In 2020, Japan adopted two policies to strengthen supply chain resilience.   Big subsidy was provided to stimulate Japanese investors to diversify offshore investment and invest in domestic market  for supply chain resilience. The main aim  was  to reduce overdependence on China. Focuses were made on  South East Asian countries for offshore diversification. 


Currently, China is  the biggest source for supply chain for Japan. Nearly one-fourth of parts, components  and intermediates of Japanese imports come from China. Nevertheless, 2020  policy  for dwarfing overdependence on China was not new. Over the decades, Japanese companies have been shifting from China, though gradually. According to a survey, there were 13, 934 Japanese companies in 2016. It dropped to 13, 685  in 2019. Further, according to  an estimation, share of parts and components from China was  already on declining trend. It has declined from 29.5 percent in 2015 to 26.1 percent in 2021. 

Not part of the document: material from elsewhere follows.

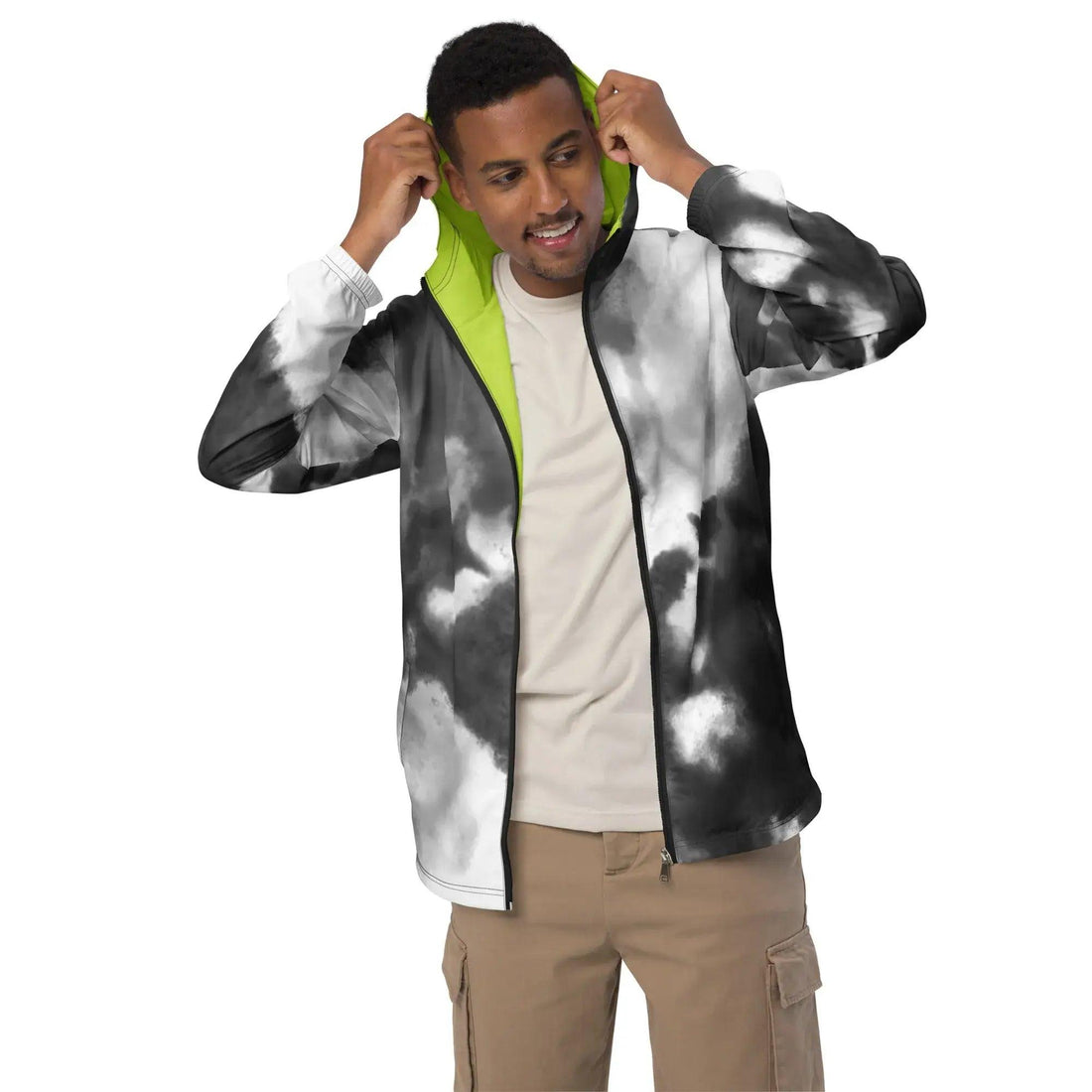 VIBES Windjacke | WATER (Grau/Grün) * Herren - Time Of Vibes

During COVID 19 , China was the major trading partner of Japan. In 2021, it accounted for 22.9 percent of Japan total trade. Export to China was  21.6 percent of Japan’s global export  and import from China was  24.9 percent of Japan’s global import. Japan had adverse trade balance with China.

In the offshore diversification for reducing  overdependence on China, thrusts were given to Thailand, Vietnam, Malaysia, Indonesia and Philippines. India was pitched less potential for diversification. But, the irony is that in 2021 Japanese investment  in India increased  . In contrary Japanese investment fell in Thailand, Indonesia and Philippines – the preferred nations for diversification for supply chain. 

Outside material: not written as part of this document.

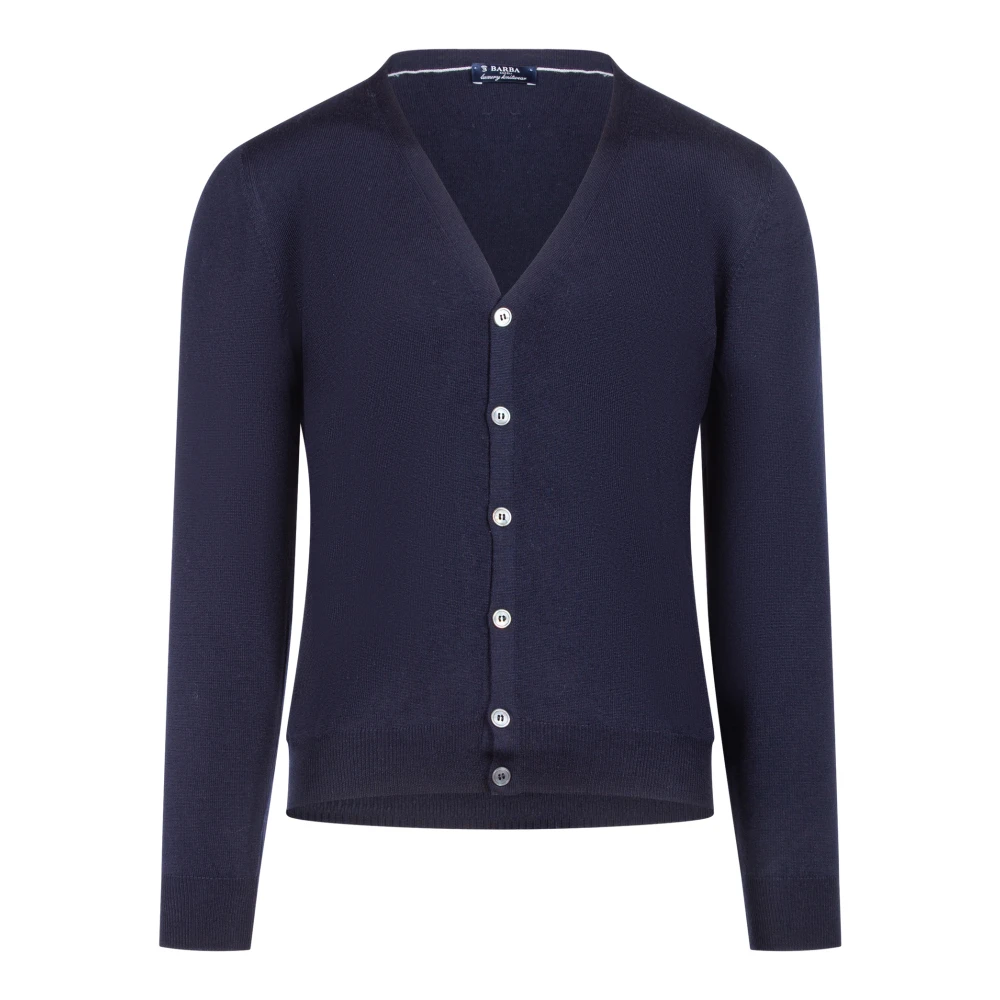 Barba Blauwe Sweaters voor Mannen Blue Heren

To the surprise ,  Japanese investment in India increased substantially in 2021 and more than in Vietnam and  Malaysia , the  preferred  destinations for supply chain diversification.  Japanese investment in India  increased by  72 percent in 2021,  as compared to increases by 58.5 percent and 47.9 percent  in Vietnam and Malaysia respectively ( according to Japanese statistics) .  This reflects that there was  a perceived difference between Japanese government   and Japanese business interests towards the potential of the countries for  offshore supply chain diversification. 

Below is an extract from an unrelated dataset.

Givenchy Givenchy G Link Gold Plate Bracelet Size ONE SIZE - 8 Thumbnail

There were few takers of Japanese  supply chain resilience initiative. According to JBIC ( Japan Bank  for International   Cooperation ) , most of the Japanese investors surveyed lamented the inadequacy of Japanese clusters in the preferred destinations in South East Asia for diversification as compared to the clusters   built  up in China. Besides, fast recovery of China compared to other Asian countries led them   to have a second thought to diversify to other Asian countries  in the attraction of subsidy.  


Nevertheless, pro-Japanese  analysts in India are upbeat   for  active role to be played by  Japanese investors. They argued that if India can be hotbed  for contract manufacturing for leading USA company , such as Apple, by alluring investment by Foxconn, why not it has potential to be alternative destination for Japanese  supply chain.  The truth of the matter is that even though Japanese foreign policy  is less influential in catalyzing India’s global political landscape, in economy Japan has uninterrupted contributions for changing the Indian economy into a modern manufacturing and eco-friendly  solution . Automobile, Metro Rail, rapid transport system ( like Bullet train) , electronics  are the cases in point.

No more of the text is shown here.